• [DATA TO EXAMINE]
⁂

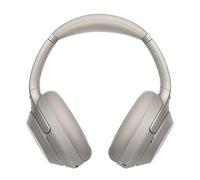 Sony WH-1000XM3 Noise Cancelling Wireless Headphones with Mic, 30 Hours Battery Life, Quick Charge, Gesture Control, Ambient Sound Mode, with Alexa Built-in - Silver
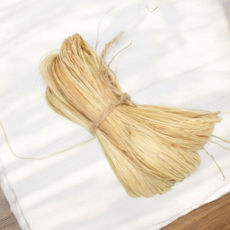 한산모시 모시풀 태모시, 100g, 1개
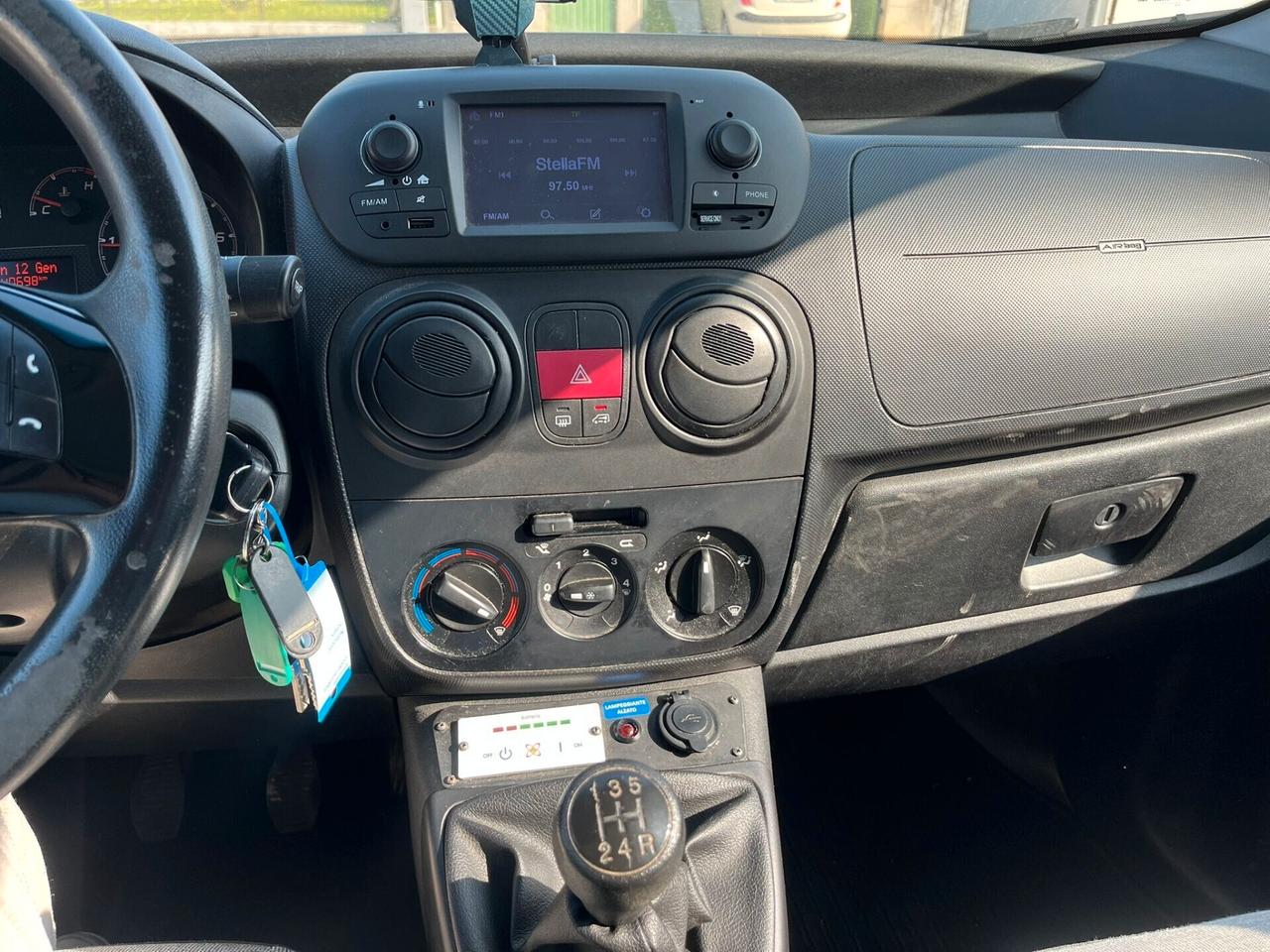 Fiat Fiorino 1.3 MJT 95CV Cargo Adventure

⁂

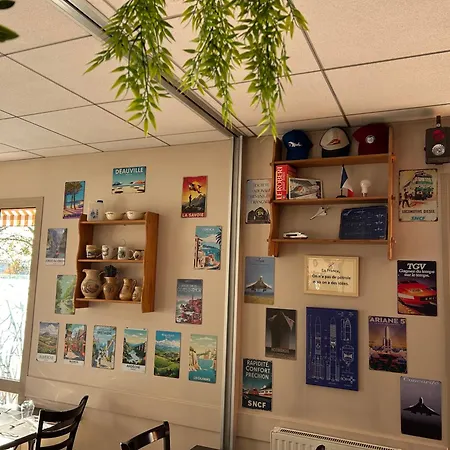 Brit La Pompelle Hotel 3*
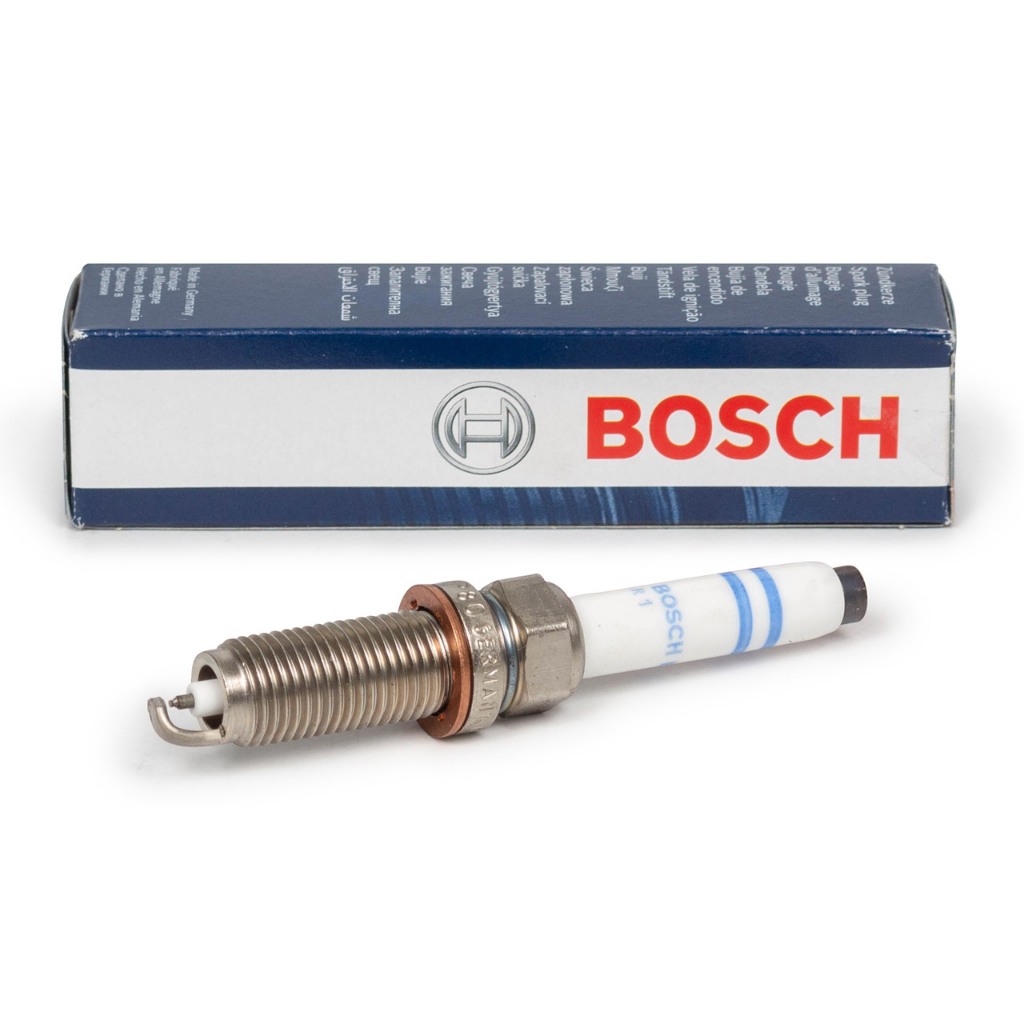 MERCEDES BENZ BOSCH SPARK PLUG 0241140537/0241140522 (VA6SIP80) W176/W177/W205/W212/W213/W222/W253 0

⁂

• [TASK] Could you output exactly the lines above, from the line with "한산모시 모시풀 태모시, 100g, 1개" up to and including the line with "Fiat Fiorino 1.3 MJT 95CV Cargo Adventure", and nothing else, skipping the pictures?

• [WRITTEN REPLY]
 한산모시 모시풀 태모시, 100g, 1개
 Fiat Fiorino 1.3 MJT 95CV Cargo Adventure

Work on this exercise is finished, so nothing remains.